O risco disso, contudo, é a possibilidade de permanência da doença em território cearense. "Teremos surtos que podem se manifestar de forma esporádica ou com comportamento sazonal, de modo que o coronavírus se torne endêmico e a gente tenha o momento de circulação dele todos os anos. Isso é o que acredito que irá acontecer", avalia a virologista, cujos estudos focam em vírus respiratórios, como o Sars-CoV-2.

Diante desse cenário e para garantir que pelo menos 85% da população se vacine contra a Covid-19, porcentagem mínima para que a imunização seja efetiva, é preciso que os governos adotem estratégias. "O único meio pacífico para isso é incluir a vacina no calendário obrigatório, como toda vacina distribuída pelo Ministério da Saúde. Assim, automaticamente, o cidadão se vê na obrigação de tomar. O que já temos de sólido é com o público infantil, que precisa estar vacinado para garantir os benefícios sociais, como o Bolsa Família. Mas como obrigar o idoso a ir? Mexendo na aposentadoria?", pondera Caroline.

O Conselho Municipal das Secretarias Municipais de Saúde do Ceará (Cosems), procurado pela reportagem, afirmou, em nota, que não se pronunciaria no momento, por acreditar que "mesmo com a pesquisa (do Ibope), tudo o que envolve a vacina do coronavírus ainda está no campo especulativo". O conselho reforçou, contudo, que "atua fortemente junto a todos os municípios no combate à desinformação", sobretudo em período eleitoral, "no qual sabemos que muitas fake news serão disseminadas". Atualmente, finaliza o órgão, "o Cosems foca na atual campanha contra poliomielite, iniciada nessa segunda-feira (5)".

Vacinas

No último dia 26 de setembro, o Ministério da Saúde anunciou adesão ao Instrumento de Acesso Global de Vacinas Covid-19 (Covax Facility), o que permitirá que o Brasil tenha pelo menos mais nove opções de vacinas em desenvolvimento.
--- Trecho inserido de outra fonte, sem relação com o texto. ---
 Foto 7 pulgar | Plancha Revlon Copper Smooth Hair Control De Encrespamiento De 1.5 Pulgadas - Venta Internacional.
Deste modo, assim que houver no mundo uma vacina de eficácia e segurança comprovadas, o País poderá imunizar os grupos de risco da doença já a partir de 2021.

O investimento para entrada do Brasil na Covax Facility foi de R$ 2,5 bilhões, por meio da Medida Provisória No 1.004, de 24 de setembro de 2020. O grupo é uma ação internacional coordenada, prioritariamente, pela Aliança Gavi, com o intuito de promover a produção e o acesso global à imunização contra a Covid-19. A negociação sobre valores e prazos de entrega pelos laboratórios, então, cabe à Gavi.